Members of Germany's Social Democrats (SPD) voted in favour of a coalition with Chancellor Angela Merkel's conservatives on Sunday, German media reported, a result that would open the way to a new government for Europe's economic powerhouse.
Five months after an inconclusive election, and after the failure of Merkel's first attempt to form a government with two smaller parties, the result if confirmed, should hand the long-serving chancellor a fourth term in office.
Volunteers began counting the postal ballots at 10 p.m. (2100 GMT) and worked through the night.
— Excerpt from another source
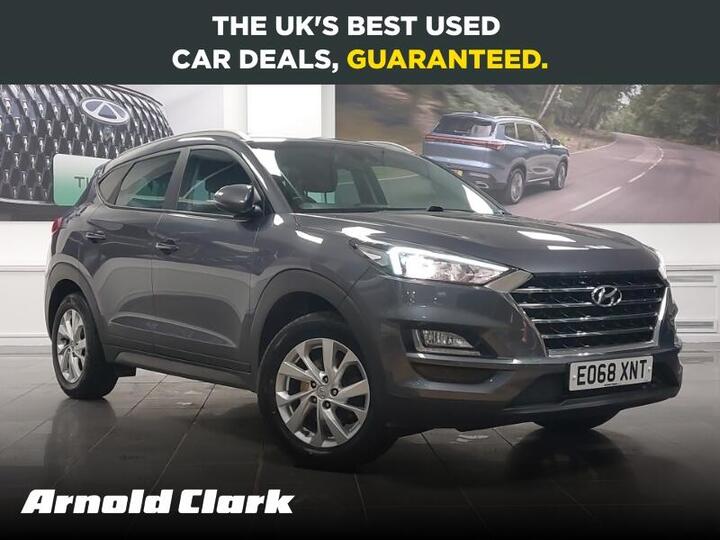 Hyundai TUCSON 1.6 GDi Blue Drive SE Nav Euro 6 (s/s) 5dr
Party leaders were due to announce the result later on Sunday morning.
SPD acting leader Olaf Scholz said on Saturday turn-out in the poll had been "very, very high" after an intense internal campaign that pitted the party's pro-coalition leadership against its more radical youth wing, which campaigned for "No".
The SPD initially planned to go into opposition after a disastrous result in September's election, but agreed to negotiate with Merkel's conservatives after talks with the pro-business Free Democrats (FDP) and the environmentalist Greens on a three-way tie-up collapsed in November.
They thrashed out a coalition agreement which SPD leaders hailed for its commitments to strengthening the EU and giving them some key government roles
Merkel could be sworn in as Chancellor by mid-March.